4- Est-ce difficile, au cœur du paysage culturel actuel, de travailler à transmettre jour après jour sa passion pour la danse au Québec?
«Comme le dit si bien Dena Davida: «Tout ce qui en vaut la peine, mérite un effort». Partager ma passion de la danse est facile. Je l’ai dans le sang, et mes interlocuteurs le sentent bien! Je trouve qu’il y a tellement de talents et de créativité ici… C’est une chance exceptionnelle de pouvoir y accéder et de s’enrichir personnellement à leur contact. Le plus difficile, pour nous, c’est surtout de sortir les gens de leur quotidien. Ma mission, c’est de les réveiller, et de leur donner le goût du risque; l’envie et la curiosité de vivre ces «expériences» humaines et artistiques à la fois inattendues et déroutantes.»
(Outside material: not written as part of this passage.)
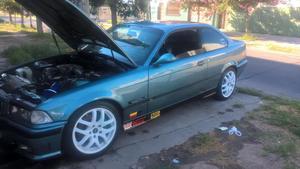BMW 318 is exclusivo c/ equipo M3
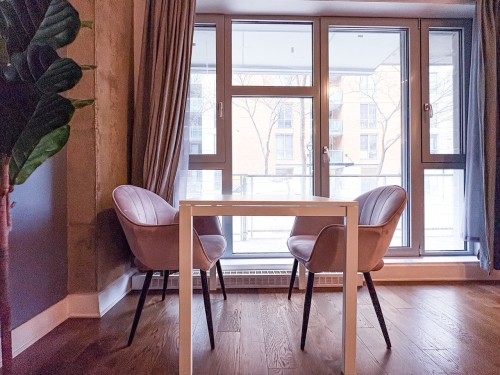 Dinette - 102-1205 Rue St-Dominique, Montréal (Ville-Marie), QC - Indoor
5- Qu’aurais-tu envie de dire à nos lecteurs pour qu’ils se laissent guider, lors de leur temps libre, jusqu’à l’obscurité d’un spectacle de danse où des interprètes fabuleux communiquent avec leur corps?
«Découvrir la danse contemporaine, c’est comme partir à la découverte de l’oenologie. Il faut prendre le temps d’apprécier la chose. Ce n’est pas parce que tu goûtes pour la première fois un vin rouge très corsé que tous les vins rouges seront corsés. Quand tu commences à apprécier du vin, il est très difficile d’en distinguer ses saveurs. C’est avec l’expérience et le temps que tu développes tes préférences et tes références. Quand tu es exposé à une œuvre en danse, laisse-toi aller, lâche prise et absorbe ce qui se passe devant toi. Vis l’expérience, tout simplement.»